French-Style Secularism Under Scrutiny

Arson attack on the Church of the Immaculate Conception in Saint-Omer, September 2, 2024
Pope Francis, while receiving in audience Eric de Moulins-Beaufort, Archbishop of Reims and President of the Conference of Bishops of France (CEF), on December 18, 2024, confided that he viewed French-style secularism "with a bit of distance."
This "gently critical" judgment is informed by a recent survey by the Pew Research Center (PRC). For almost 20 years, this center has been evaluating restrictions on religion in various countries around the world.
To do this, it uses two criteria: the Government Restrictions Index (GRI) and the Social Hostility Index (SHI), or the way in which society reacts to a religion present in its territory, or to ethical positions emanating from a religion regarding issues such as abortion, homosexuality, etc.

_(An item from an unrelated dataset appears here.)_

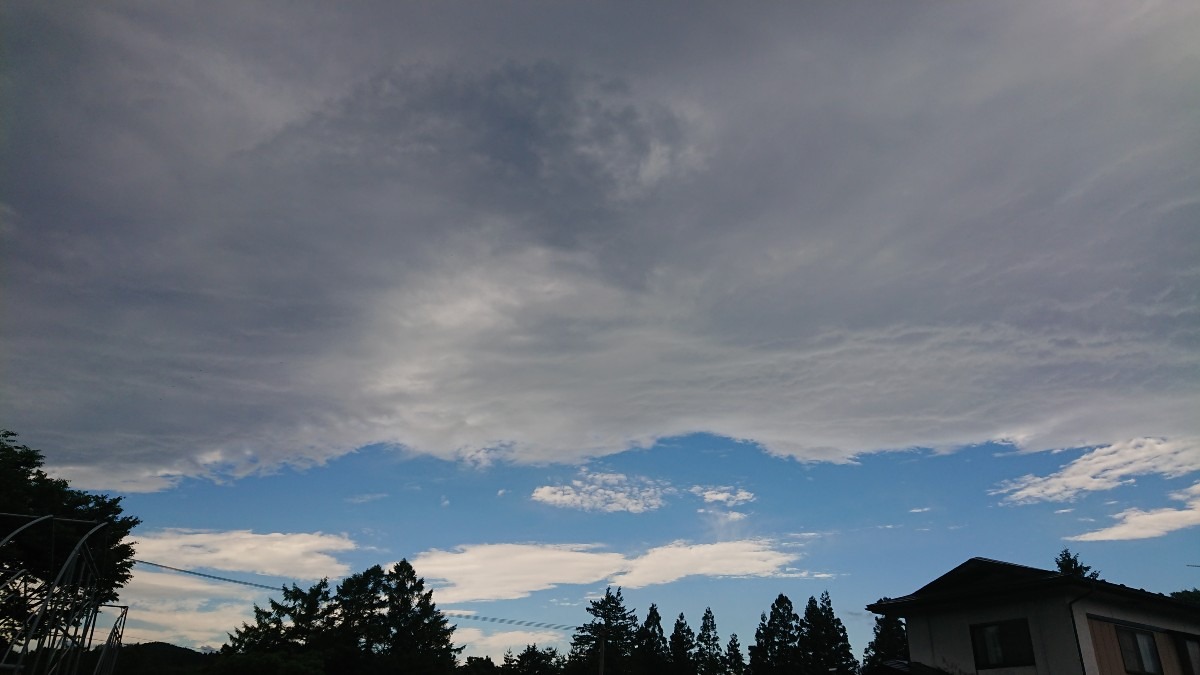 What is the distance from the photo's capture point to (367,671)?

The figures just published by the American institute at the end of 2024 are in fact the culmination of a long synthesis work that offers an overview of the period from 2018 to 2022.
In 2022, the median results on the two indices are 3 out of 10 for the GRI and 1.6 out of 10 for the SHI, keeping in mind that according to the PRC, the index deemed "moderate" for the GRI is between 2.4 and 4.4 out of 10, while it is between 1.5 and 3.5 in the case of social hostility.

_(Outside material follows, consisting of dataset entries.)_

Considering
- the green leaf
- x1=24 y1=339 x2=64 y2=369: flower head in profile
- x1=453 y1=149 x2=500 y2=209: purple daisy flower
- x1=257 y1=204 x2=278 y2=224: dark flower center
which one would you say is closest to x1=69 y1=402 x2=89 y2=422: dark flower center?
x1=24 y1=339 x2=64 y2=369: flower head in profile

Two lessons emerge from the study: on the one hand, government constraints on religion seem to have reached a peak; on the other hand, the GRI on religion and the SHI towards religious groups go hand in hand. These two lessons are observed over the period 2018-2022 in three-quarters of the 198 countries where the survey was conducted.
Thus, for South Korea, New Zealand, or the United States, their two indices are at a low or moderate level, as in 60% of the countries studied. Conversely, Afghanistan, Algeria, India, and China reveal two indices in the red, which is the case for 12% of the countries studied and where it is not good to live as a believer, and as a Christian in particular.
But one figure attracts the reader's attention, especially when they live in France: it appears that France is the country within the European Union in which religious restrictions and social hostility are at their highest level: 6.0 for the GRI and 5.9 for the SHI.
The many anti-Christian acts recorded, the hostility towards the positions recalled – often timidly – by the Church of France on the right to life or relative to the ideology of “gender,” the constraints weighing on private schools in terms of school content, the expansion of the “right” to abortion and the prospect of the law on euthanasia trouble the religious convictions of many health personnel.
It would be easy to put the observation into perspective by saying that the situation is still brighter in France than in North Korea, but the facts are there. It is in this context that one can understand the repeated criticisms by Pope Francis of French secularism, accusing it of considering religion “as a subculture and not as a culture in its own right.”
One should also remember the clear words of Pope St. Pius X in the encyclical Vehementer Nos, criticizing a secularism "contrary to the order very wisely established by God in the world, an order that requires a harmonious concord between the two societies (civil and religious).”